Periodic Reporting for period 1 - AVISSO (Audiovisual Speech Segmentation and Oscillations)

Periodo di rendicontazione: 2016-05-02 al 2018-05-01

Speech is often multimodal and listeners need to integrate visual prosody conveyed by a speaker’s body expressions together with prosody, which appears to involve temporal coordination. Listeners may rely on the integration of temporal prosodic structure conveying information at delta frequency (1-3Hz) in both modalities to segment inputs and facilitate audiovisual speech processing. How the brain translates naturally AV rhythms to facilitate speech segmentation was the central aim of this proposal. The project investigated the oscillatory correlates of audiovisual speech relying on the temporal integration of body movements associated with suprasegmental features in speech (audiovisual prosody). Besides investigating the neural basis of AV speech processing, this project relates to a wider range of relevant areas (e.g. communication), and its possible outcomes can influence the rehabilitation of speech dysfunctions in clinical populations suffering from temporal processing deficits (e.g. Parkinson disease, stroke). The overall objectives of the project were to establish how the precise temporal alignment between visual and auditory rhythmic features conveyed by prosody, and its neural integration, contribute to successful AV speech processing.

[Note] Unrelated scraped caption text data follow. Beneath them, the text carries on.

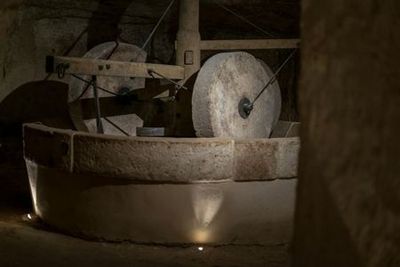 MOOM Matera Olive Oil Museum: Entry Ticket - photo 3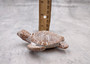 Brown Sea Turtle Figurine Weathered Resin (1 turtle approx. 3.75+ inches) Brown White Sea Turtle Statue for beach home decor & display!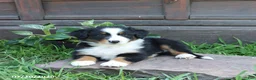 Australian Shepherd dogs for sale: Maverick - Ad 3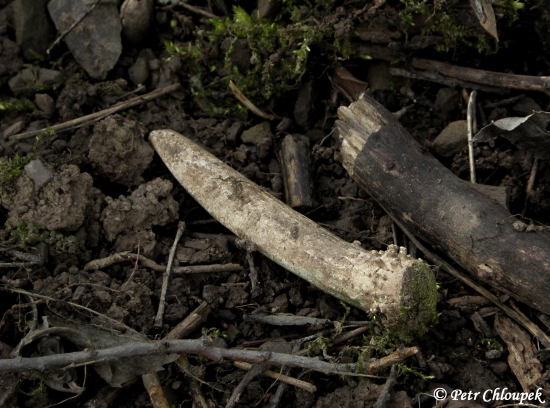 Starý shoz špičáka na ochozu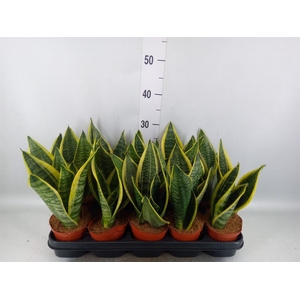 Sansevieria trifa. 'Futura Superba'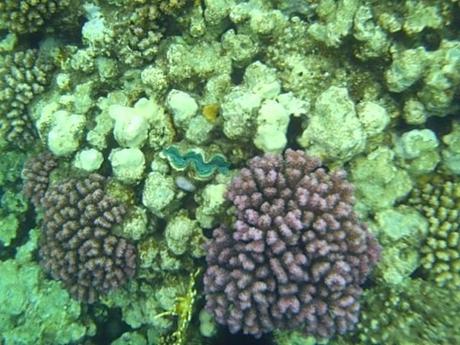 Safaga, immersioni nel Mar Rosso tra le dune d’Egitto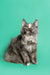 Fluffy gray Maine Coon kitten with alert eyes and perked ears, perfect blue tortoiseshell cutie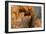 Ephemeral Beauty-12-Moises Levy-Framed Photographic Print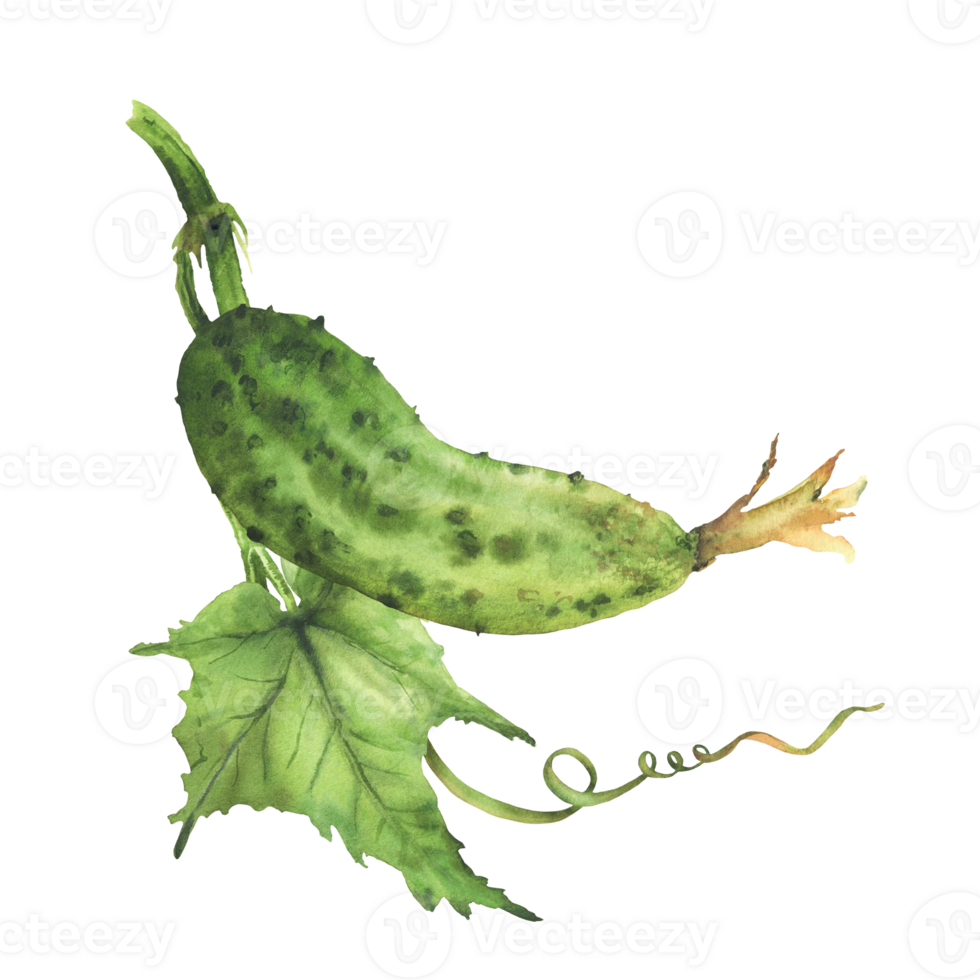 Watercolor Cucumber plant with green leaf and curling tendril and buds hanging on vine Hand drawn realistic botanical illustration of growing vegetable for eco farming label. Isolated from background png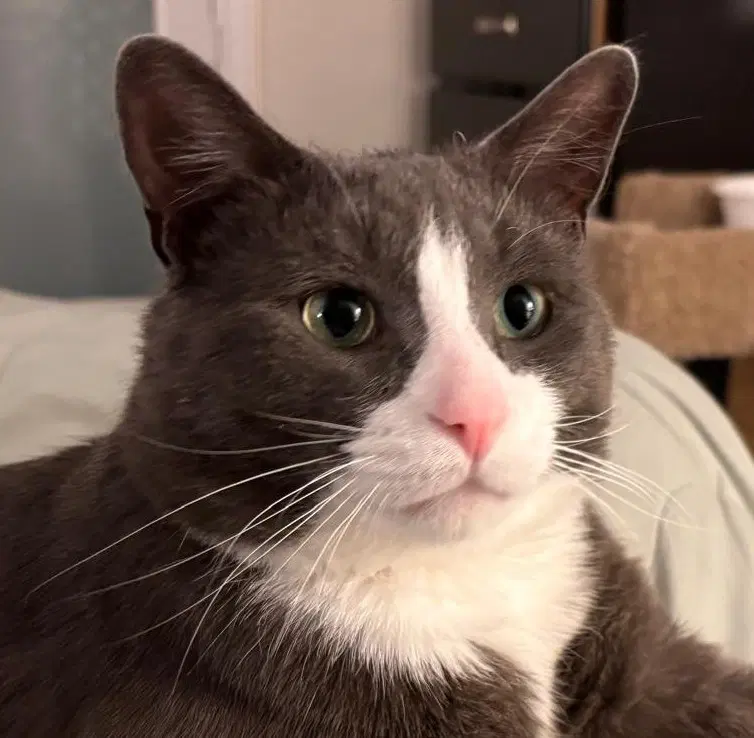 Mcnichol Happy Single - Domestic Short Hair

I adopted a multimodal approach to investigate the oscillatory neural correlates supporting prosodic features integration at delta (WP1), and the potential implication on the temporal-processing network (i.e. pre Supplementary Motor Area, Basal ganglia, and cerebellum) supporting prosodic-based multimodal speech integration (WP2).
Work completed:
- Implementation of the experimental paradigms (including task design, creation and rating of the stimuli, and programming of the task for the EEG and fMRI studies).
- EEG data acquisition and analyses.
- fMRI piloting.
- Collaborations with colleagues on different related projects.
- Student supervision, tutoring of Problem-Based lectures, grading.
- Preparation and submissions of manuscripts for publication.
- Securing a 4-year postdoctoral fellowship (Sir Henry Wellcome postdoctoral fellowship, UK), following the present fellowship.

Main results:
The main results of the project can be summarized as follows: (1) When semantic content was degraded, listeners successfully relied on corresponding visual and auditory prosodic features to decide whether the two modalities were presented synchronous or asynchronous. In contrast, when lip movement information was removed with a blurred mask over the speaker’s face, listeners were still able to match visual and auditory modalities but only when the audiovisual temporal alignment was intact. These results established that listeners not only rely on visual and auditory correspondence at a syllabic time scale, but also extract the temporal structure conveyed at the slower delta time scale by prosodic information to successfully process multimodal speech. (2) At neural level, we found a specific increase of delta (1-3Hz) power when visual and auditory modalities where presented in asynchrony as compared to synchrony. This increase of power might reflect an increase of difficulty for the listeners to extract the temporal structure of prosody when there is a misalignment between visual and auditory inputs of speech. (3) In line with our hypothesis, the increase in delta power was found over a left fronto-central sensor area, which may reflect the convergence of visual and auditory delta information to generate high-level temporal predictions to improve audiovisual speech processing (i.e. engaging the supplementary motor area, SMA).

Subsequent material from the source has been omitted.